# Data under study:
== Segment start ==
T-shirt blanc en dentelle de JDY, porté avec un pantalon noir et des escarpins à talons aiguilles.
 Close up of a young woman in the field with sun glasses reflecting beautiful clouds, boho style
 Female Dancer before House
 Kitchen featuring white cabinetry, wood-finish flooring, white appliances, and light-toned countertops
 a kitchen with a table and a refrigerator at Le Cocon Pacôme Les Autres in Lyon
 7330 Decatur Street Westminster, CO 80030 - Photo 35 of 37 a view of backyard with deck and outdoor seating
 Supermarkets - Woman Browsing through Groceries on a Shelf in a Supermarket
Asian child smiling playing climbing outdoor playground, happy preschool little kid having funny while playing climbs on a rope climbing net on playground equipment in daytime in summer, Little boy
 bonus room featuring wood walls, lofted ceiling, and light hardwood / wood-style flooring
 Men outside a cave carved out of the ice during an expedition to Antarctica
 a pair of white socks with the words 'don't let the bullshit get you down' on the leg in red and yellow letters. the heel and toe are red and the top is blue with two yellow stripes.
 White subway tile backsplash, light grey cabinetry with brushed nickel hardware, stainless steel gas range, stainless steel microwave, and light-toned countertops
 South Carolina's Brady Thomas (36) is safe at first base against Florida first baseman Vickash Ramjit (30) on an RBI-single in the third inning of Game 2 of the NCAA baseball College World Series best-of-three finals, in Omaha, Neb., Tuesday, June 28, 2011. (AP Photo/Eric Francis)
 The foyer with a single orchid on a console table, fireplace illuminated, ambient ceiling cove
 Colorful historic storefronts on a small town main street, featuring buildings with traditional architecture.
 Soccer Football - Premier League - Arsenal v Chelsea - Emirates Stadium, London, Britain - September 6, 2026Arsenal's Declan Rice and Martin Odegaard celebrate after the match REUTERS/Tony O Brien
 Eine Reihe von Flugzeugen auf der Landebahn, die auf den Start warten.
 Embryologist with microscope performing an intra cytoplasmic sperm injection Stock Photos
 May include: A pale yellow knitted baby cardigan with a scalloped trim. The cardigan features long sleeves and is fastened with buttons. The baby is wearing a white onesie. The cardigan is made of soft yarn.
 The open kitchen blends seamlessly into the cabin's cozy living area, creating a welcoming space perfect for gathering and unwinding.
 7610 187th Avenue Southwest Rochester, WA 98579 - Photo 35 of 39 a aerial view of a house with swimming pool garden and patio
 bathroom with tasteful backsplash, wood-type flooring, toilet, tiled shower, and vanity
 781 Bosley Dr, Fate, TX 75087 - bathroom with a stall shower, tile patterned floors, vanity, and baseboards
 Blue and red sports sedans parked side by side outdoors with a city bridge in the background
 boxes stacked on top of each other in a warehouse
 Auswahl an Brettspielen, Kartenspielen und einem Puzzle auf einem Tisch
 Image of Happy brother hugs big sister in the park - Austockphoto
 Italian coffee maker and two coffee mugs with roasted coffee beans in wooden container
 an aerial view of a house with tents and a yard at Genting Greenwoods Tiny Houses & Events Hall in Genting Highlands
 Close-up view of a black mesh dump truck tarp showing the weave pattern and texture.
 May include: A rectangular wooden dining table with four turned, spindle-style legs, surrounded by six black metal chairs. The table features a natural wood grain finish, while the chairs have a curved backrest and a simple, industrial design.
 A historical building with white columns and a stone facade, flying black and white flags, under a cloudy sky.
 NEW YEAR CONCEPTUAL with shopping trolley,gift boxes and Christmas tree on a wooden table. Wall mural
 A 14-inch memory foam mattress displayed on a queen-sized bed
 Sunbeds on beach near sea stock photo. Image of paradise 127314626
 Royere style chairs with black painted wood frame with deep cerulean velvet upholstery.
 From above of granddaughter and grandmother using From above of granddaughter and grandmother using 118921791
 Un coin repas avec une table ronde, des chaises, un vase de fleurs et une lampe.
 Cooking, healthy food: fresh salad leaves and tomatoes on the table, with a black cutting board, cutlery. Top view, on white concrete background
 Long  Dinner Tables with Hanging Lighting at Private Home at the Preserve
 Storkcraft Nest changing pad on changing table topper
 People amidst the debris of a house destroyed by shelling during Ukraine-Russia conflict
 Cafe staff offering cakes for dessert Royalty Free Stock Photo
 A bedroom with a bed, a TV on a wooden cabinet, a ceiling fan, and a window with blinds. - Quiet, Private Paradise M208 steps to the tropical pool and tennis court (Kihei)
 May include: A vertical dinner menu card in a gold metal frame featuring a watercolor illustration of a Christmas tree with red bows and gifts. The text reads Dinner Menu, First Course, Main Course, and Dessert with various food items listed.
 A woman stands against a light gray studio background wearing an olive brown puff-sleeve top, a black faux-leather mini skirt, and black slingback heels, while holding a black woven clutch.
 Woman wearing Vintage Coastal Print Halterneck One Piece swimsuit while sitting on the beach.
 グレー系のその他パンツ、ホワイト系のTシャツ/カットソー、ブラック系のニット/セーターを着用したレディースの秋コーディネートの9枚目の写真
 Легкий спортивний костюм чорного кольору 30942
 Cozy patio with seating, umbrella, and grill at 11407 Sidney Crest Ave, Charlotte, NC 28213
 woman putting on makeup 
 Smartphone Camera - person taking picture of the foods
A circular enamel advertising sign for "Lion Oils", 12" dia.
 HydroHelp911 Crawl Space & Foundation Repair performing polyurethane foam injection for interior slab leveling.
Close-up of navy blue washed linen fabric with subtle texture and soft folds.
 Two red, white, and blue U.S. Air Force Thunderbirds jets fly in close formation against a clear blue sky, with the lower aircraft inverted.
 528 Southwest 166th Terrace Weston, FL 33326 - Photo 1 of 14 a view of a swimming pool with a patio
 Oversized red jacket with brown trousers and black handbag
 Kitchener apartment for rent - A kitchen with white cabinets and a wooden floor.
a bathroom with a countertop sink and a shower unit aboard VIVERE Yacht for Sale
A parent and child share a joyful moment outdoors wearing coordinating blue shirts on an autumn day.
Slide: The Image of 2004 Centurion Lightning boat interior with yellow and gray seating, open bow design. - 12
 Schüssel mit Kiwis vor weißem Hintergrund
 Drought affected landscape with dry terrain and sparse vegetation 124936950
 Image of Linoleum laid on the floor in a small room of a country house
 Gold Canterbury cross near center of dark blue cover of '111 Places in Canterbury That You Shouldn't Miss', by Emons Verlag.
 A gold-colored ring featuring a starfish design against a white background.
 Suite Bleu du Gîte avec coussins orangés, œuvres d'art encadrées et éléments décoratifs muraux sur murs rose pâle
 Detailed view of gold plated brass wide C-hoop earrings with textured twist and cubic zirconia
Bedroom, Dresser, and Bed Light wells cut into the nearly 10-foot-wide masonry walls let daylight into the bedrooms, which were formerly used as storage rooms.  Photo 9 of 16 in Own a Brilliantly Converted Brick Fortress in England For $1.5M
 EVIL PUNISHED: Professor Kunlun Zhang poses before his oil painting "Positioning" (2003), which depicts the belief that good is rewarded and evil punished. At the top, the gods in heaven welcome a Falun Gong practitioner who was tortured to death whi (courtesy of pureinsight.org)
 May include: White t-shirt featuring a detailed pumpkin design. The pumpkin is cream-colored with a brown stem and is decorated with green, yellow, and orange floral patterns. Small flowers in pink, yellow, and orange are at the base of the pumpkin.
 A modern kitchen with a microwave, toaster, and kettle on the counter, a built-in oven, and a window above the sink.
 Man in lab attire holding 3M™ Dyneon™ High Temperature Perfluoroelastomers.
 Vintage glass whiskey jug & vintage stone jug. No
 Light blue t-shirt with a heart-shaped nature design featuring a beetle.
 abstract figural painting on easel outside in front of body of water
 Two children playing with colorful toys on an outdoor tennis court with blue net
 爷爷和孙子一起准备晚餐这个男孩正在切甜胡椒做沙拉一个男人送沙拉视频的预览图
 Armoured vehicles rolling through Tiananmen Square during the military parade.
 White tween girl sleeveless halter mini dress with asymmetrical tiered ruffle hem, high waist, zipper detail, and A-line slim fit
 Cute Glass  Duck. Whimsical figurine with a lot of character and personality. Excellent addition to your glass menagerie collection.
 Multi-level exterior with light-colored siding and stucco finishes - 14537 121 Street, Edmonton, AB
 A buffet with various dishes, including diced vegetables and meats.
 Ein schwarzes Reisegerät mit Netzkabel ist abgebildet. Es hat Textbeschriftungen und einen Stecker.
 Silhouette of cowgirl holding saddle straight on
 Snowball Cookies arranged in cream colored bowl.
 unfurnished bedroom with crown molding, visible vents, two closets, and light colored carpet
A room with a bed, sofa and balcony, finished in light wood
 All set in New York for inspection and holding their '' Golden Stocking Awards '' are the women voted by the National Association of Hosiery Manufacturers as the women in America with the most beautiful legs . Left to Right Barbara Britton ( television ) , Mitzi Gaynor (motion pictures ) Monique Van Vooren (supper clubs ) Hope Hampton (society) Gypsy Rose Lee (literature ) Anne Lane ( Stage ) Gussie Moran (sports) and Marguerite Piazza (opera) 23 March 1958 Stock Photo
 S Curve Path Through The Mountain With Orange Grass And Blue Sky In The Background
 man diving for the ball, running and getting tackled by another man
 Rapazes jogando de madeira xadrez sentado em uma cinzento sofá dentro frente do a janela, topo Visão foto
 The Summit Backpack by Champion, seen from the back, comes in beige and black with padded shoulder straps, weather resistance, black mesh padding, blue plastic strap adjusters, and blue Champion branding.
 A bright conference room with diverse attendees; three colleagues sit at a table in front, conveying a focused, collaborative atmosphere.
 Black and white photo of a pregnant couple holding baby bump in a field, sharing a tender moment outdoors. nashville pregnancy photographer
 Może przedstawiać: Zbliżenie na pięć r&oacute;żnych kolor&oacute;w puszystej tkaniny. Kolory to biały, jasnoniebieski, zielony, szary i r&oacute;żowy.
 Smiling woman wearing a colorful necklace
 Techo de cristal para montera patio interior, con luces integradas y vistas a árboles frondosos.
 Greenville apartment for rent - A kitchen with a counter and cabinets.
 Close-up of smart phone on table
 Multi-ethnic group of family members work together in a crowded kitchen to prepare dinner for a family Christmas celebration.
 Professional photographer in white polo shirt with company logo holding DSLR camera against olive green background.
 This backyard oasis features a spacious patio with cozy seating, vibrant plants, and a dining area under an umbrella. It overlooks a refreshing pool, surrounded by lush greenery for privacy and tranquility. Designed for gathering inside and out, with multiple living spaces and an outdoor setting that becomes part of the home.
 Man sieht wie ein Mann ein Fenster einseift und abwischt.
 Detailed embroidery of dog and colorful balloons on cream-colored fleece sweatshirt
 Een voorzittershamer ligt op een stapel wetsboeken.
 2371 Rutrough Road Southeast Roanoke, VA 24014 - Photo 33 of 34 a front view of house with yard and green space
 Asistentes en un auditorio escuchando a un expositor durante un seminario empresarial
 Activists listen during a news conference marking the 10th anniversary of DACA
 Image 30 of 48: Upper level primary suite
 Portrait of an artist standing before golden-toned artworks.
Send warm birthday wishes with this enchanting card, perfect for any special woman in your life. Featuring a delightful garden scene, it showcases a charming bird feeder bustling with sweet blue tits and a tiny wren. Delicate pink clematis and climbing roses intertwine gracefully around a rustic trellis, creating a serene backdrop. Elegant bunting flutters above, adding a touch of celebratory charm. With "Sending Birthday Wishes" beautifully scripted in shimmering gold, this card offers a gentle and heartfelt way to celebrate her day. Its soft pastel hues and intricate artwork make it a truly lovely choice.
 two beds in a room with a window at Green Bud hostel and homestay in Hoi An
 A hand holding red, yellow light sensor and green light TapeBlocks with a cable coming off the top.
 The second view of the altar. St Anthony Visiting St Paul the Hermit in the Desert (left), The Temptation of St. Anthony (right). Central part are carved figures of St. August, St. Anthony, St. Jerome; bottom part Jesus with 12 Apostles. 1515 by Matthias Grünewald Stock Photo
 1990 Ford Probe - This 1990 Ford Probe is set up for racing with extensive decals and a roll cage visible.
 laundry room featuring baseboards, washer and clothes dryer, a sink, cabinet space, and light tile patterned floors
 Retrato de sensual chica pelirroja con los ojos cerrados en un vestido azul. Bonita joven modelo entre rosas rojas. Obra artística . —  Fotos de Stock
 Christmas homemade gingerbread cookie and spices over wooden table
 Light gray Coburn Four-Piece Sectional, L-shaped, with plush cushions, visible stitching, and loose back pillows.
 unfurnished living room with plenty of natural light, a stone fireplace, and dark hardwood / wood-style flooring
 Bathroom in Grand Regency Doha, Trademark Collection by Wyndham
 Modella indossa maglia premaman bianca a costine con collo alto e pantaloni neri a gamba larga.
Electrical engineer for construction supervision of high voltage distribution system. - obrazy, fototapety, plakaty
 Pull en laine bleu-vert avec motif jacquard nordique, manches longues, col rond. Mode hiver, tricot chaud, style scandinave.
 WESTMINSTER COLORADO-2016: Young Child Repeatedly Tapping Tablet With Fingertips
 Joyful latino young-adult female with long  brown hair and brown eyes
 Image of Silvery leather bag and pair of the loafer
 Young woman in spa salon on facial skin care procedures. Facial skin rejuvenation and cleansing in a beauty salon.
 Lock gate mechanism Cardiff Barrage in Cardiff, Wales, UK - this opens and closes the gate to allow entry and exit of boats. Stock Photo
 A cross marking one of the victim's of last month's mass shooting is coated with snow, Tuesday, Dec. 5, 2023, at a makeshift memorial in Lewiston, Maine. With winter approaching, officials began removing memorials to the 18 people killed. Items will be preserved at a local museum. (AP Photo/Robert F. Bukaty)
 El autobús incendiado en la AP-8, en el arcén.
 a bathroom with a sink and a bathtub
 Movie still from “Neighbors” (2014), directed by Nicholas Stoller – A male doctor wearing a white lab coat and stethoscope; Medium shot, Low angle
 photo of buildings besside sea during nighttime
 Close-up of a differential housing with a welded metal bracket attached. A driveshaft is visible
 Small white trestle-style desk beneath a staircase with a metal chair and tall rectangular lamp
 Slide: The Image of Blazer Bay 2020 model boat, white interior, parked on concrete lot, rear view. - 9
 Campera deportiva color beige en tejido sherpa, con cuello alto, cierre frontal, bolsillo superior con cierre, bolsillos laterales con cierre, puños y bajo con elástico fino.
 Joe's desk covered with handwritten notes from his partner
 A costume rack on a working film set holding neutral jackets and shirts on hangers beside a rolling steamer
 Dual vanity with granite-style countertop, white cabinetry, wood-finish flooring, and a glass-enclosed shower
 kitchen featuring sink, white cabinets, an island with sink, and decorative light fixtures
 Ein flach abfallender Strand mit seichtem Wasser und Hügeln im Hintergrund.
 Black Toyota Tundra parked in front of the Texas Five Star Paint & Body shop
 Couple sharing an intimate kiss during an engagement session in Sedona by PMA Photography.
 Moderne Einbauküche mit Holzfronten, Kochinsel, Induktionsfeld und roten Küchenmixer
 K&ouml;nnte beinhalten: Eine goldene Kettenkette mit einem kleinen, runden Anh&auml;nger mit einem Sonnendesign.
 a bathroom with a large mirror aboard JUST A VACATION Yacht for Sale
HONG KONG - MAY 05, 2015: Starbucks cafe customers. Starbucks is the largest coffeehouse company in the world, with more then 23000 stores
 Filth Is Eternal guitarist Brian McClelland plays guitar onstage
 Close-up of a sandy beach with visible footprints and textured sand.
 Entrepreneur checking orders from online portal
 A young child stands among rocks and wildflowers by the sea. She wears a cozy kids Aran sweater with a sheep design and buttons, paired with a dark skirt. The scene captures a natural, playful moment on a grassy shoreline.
== Segment end ==
# Requirement:
Please output only the lines from the one holding "kitchen featuring sink, white" to the end of the records, first and last included, exactly as they appear.

# Solution to the problem:
 kitchen featuring sink, white cabinets, an island with sink, and decorative light fixtures
 Ein flach abfallender Strand mit seichtem Wasser und Hügeln im Hintergrund.
 Black Toyota Tundra parked in front of the Texas Five Star Paint & Body shop
 Couple sharing an intimate kiss during an engagement session in Sedona by PMA Photography.
 Moderne Einbauküche mit Holzfronten, Kochinsel, Induktionsfeld und roten Küchenmixer
 K&ouml;nnte beinhalten: Eine goldene Kettenkette mit einem kleinen, runden Anh&auml;nger mit einem Sonnendesign.
 a bathroom with a large mirror aboard JUST A VACATION Yacht for Sale
HONG KONG - MAY 05, 2015: Starbucks cafe customers. Starbucks is the largest coffeehouse company in the world, with more then 23000 stores
 Filth Is Eternal guitarist Brian McClelland plays guitar onstage
 Close-up of a sandy beach with visible footprints and textured sand.
 Entrepreneur checking orders from online portal
 A young child stands among rocks and wildflowers by the sea. She wears a cozy kids Aran sweater with a sheep design and buttons, paired with a dark skirt. The scene captures a natural, playful moment on a grassy shoreline.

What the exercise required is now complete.